School budgets may be buried, not praised

PACKET EDITORIAL, Feb. 28

By: Packet Editorial
   If Julius Caesar had good reason to beware the Ides of March, the American taxpayer generally takes a similar view toward the Ides of April. There may be other auspicious dates we all remember — Dec. 7, 1941, Nov. 22, 1963, Sept. 11, 2001 — but only April 15 strikes at our hearts (and our wallets) every year.
   As painful as the thought of April 15 may be to many taxpayers, it could be doubly painful this year to folks who care about New Jersey’s public schools. Call it Caesar’s revenge. By the fate of the Julian calendar, April 15, 2003, happens to be the date of our annual school elections.

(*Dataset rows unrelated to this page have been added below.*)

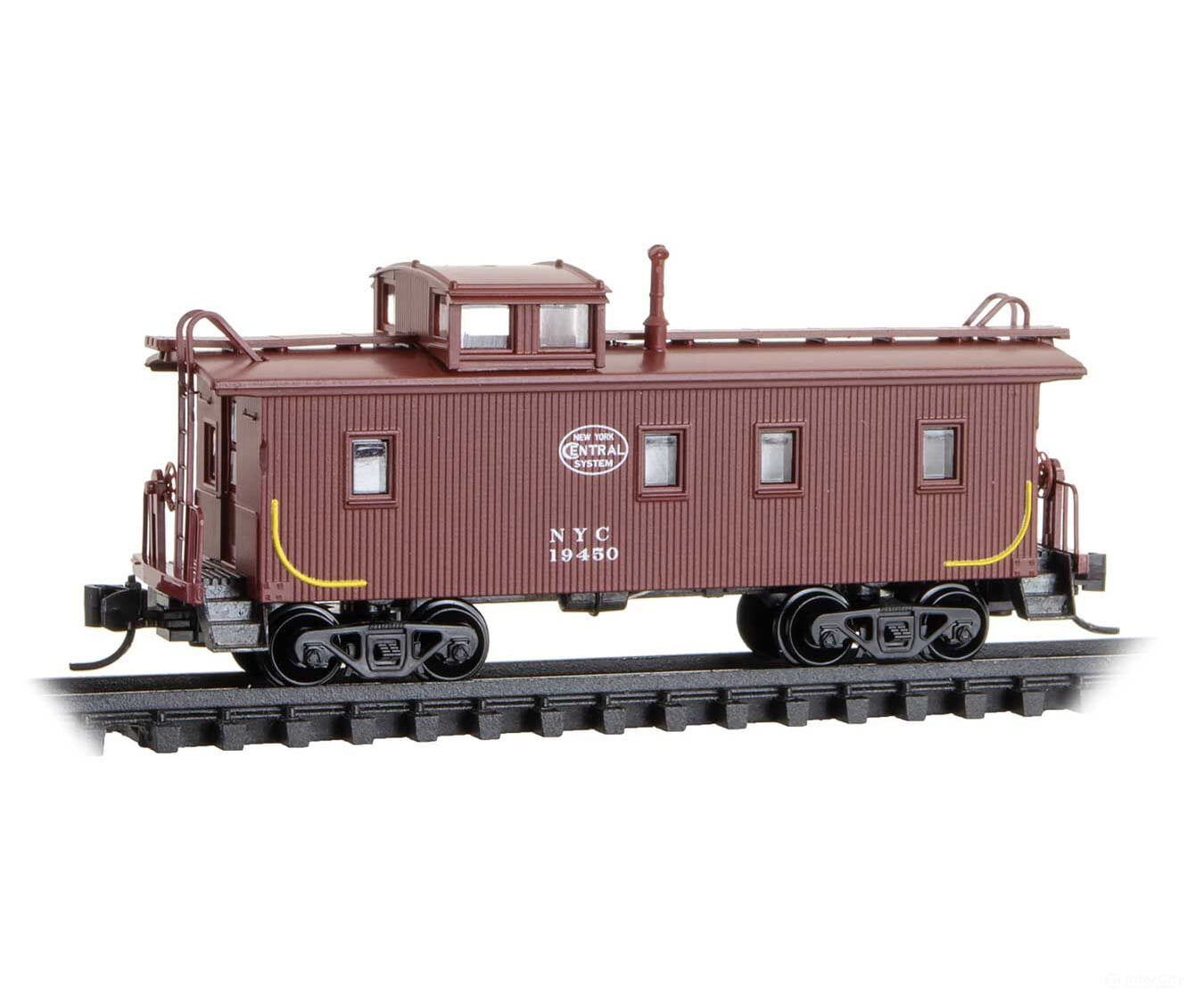 Micro Trains N 5100380 34’ Wood-Sheathed Caboose With Straight Cupola - New York Central #19450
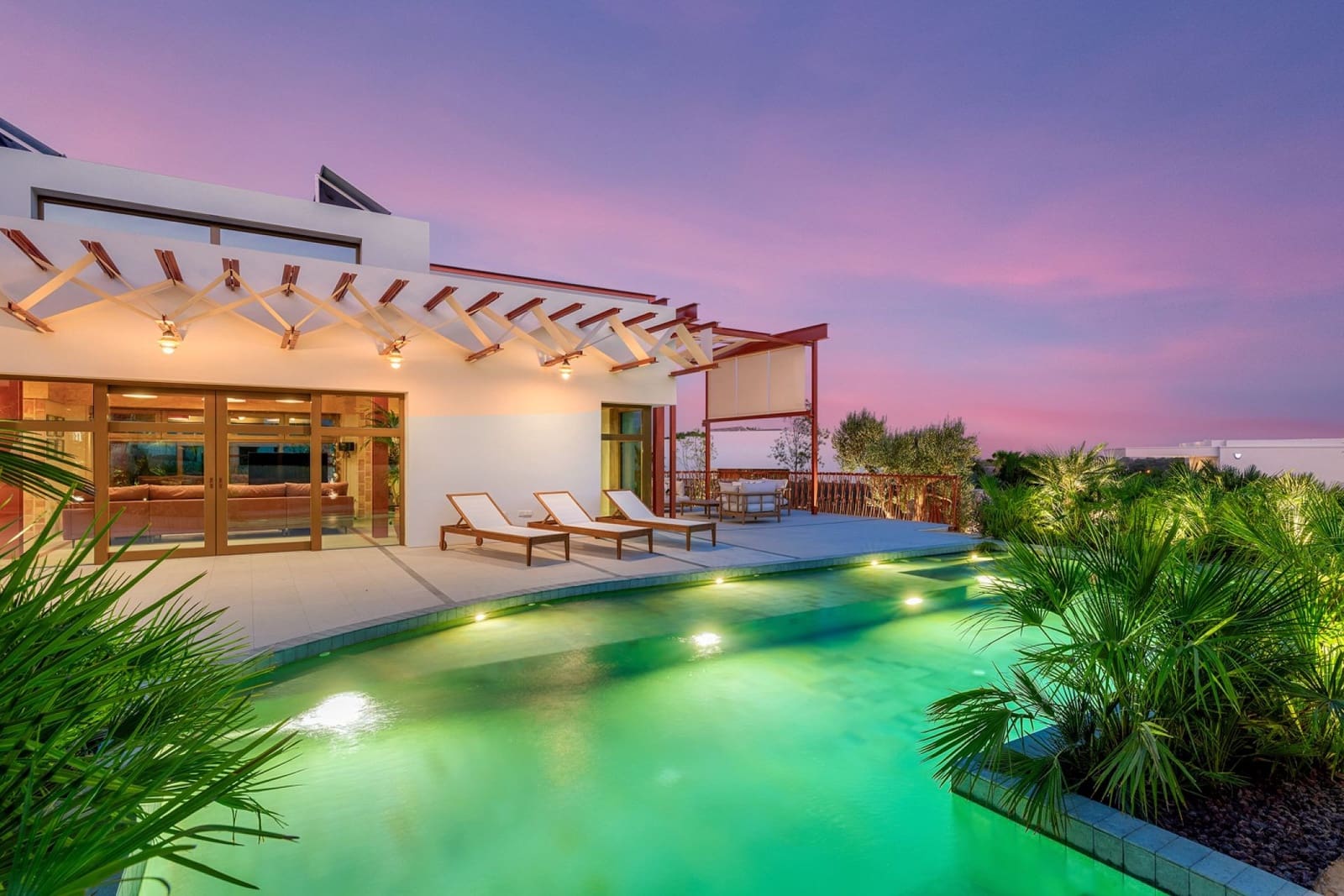 Chalet de 3 habitaciones en Pinar de Campoverde en venta con garaje - 2.750.000 € (Ref: 9963161)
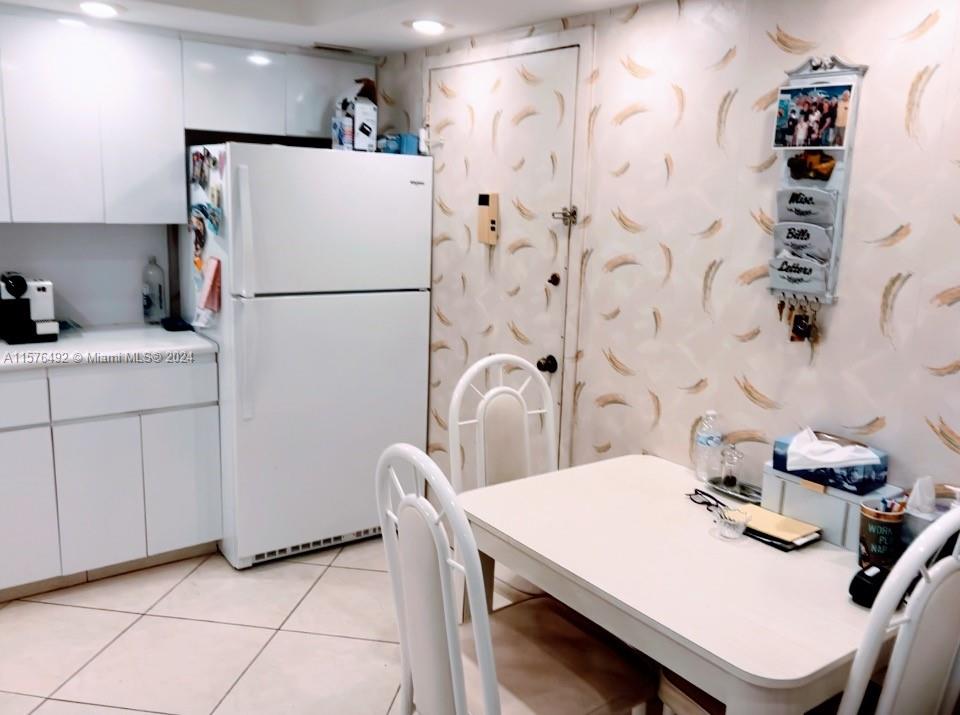 PARKER PLAZA CONDO ESTATE - Residential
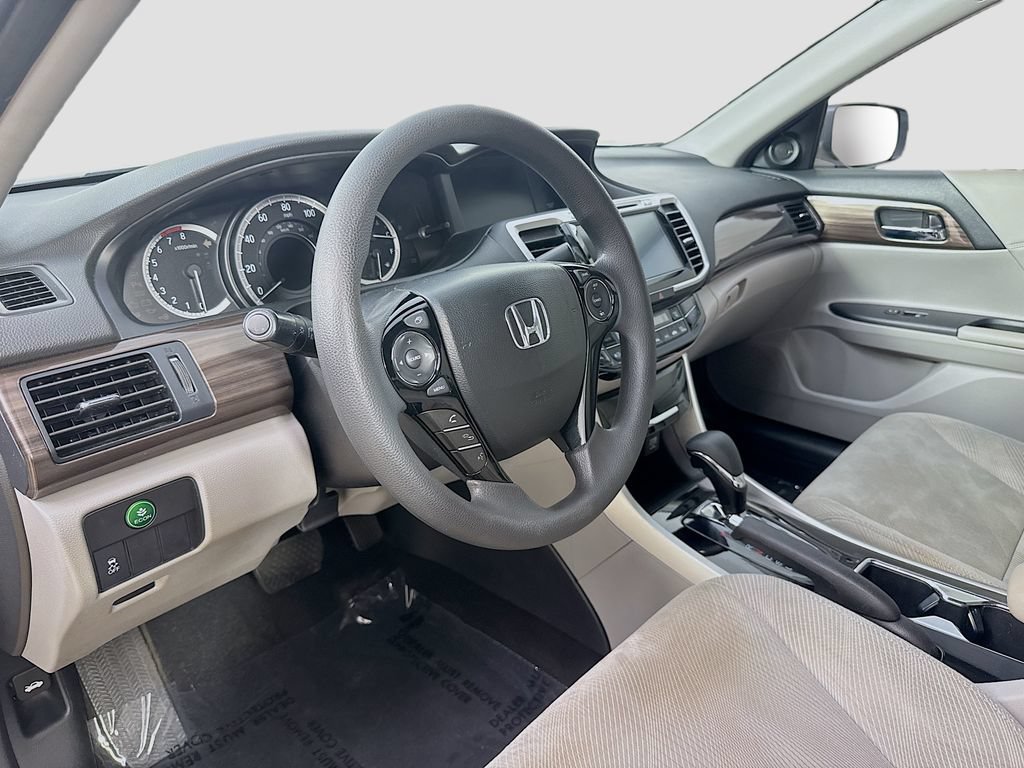 Used 2017 Honda Accord EX image 10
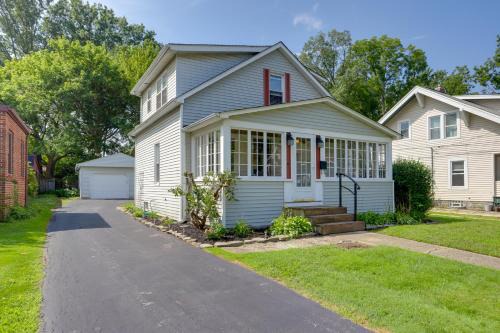Welcoming Willoughby Home: 1 Mi to Historic Dtwn in Willoughby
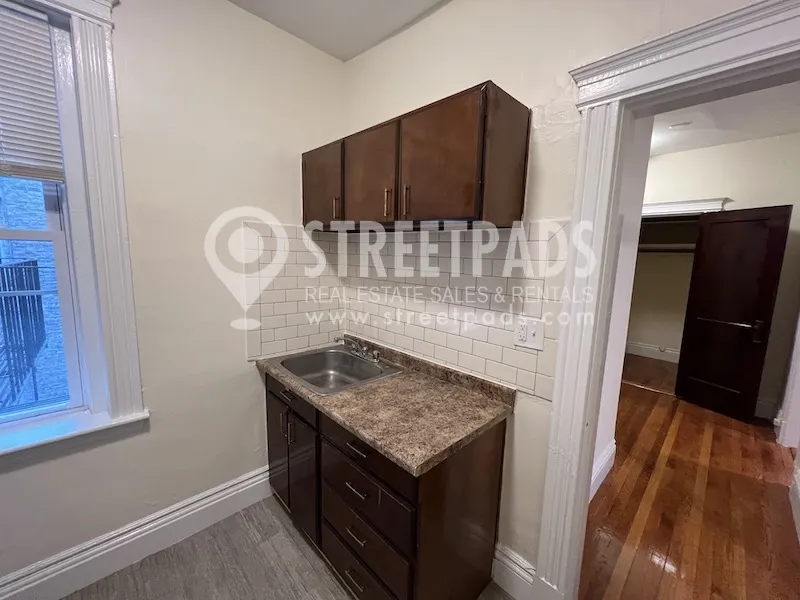 1 bed, 1 bath apartment for rent at 27 Park Dr Unit 12, Fenway — photo 4 of 24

   For superintendents, board of education members, school administrators, teachers, involved parents and others who keep their fingers crossed every year that voters will approve the annual school budget, this may be the year to start looking for rabbit’s feet and four-leaf clovers. If ever a soothsayer were to see in the stars a conspiracy of forces aligned against passage of local school budgets, it is this April 15.
   Think about it. The economy has tanked. Unemployment is rising. A falling stock market is cracking people’s nest eggs. The price of heating oil and gasoline is going through the roof. As April 15 approaches, and taxpayers calculate the bottom line of their annual contribution to Uncle Sam, they aren’t likely to be in a forgiving — or giving — mood.
   Then, coincidentally, on the very same day these disgruntled taxpayers are trudging to the mailbox to send their income tax returns to the Internal Revenue Service, they can go straight from the post office to the ballot box and register their feelings about local property taxes. And because school elections are the only elections in New Jersey where voters get to cast ballots directly for or against a budget, the likelihood of a same-day backlash this year is considerable.
   We’ve never understood what motivated the framers of New Jersey’s Constitution to make school budgets — and only school budgets — subject to direct voter approval. Members of borough councils and township committees have the authority to strike municipal budgets. Freeholders craft the county budget. Legislators set the state budget. Congress approves the federal budget. None of these budgets needs to be submitted to voters.
   But for some reason, the fiscal responsibility delegated to every other arm of representative government is not extended to boards of education in New Jersey. Here, we permit our elected board members — who serve tirelessly and, for the most part, thanklessly — only to propose the annual school budget, not to adopt it. That privilege is reserved for the relative handful of citizens, usually somewhere between 8 and 12 percent of registered voters, who bother to show up at school elections.
   This number tends to swell, however, whenever the economy contracts, not because voters have developed a sudden interest in the local schools but because they want to seize the only opportunity they have to vent their frustration about taxes. Especially property taxes. Especially here in New Jersey, where property taxes are perpetually among the highest in the nation. When you consider that as much as 70 percent of a homeowner’s property tax bill goes to support the public schools, it’s amazing — indeed, it’s a tribute to the ability of boards of education and their supporters to mobilize their core constituency year after year — that any school budgets are ever approved in New Jersey.
   This year, all of our local school districts — Princeton, West Windsor-Plainsboro and Montgomery — are looking at substantial increases in their budgets, with corresponding hikes in their property-tax rates. Over the next six weeks, they have a huge selling job ahead of them. We suspect it will take all the skill they can muster for the voters to be kinder to the schools on this Ides of April than Brutus, Cassius and their dagger-wielding comrades were to Caesar on that fateful Ides of March.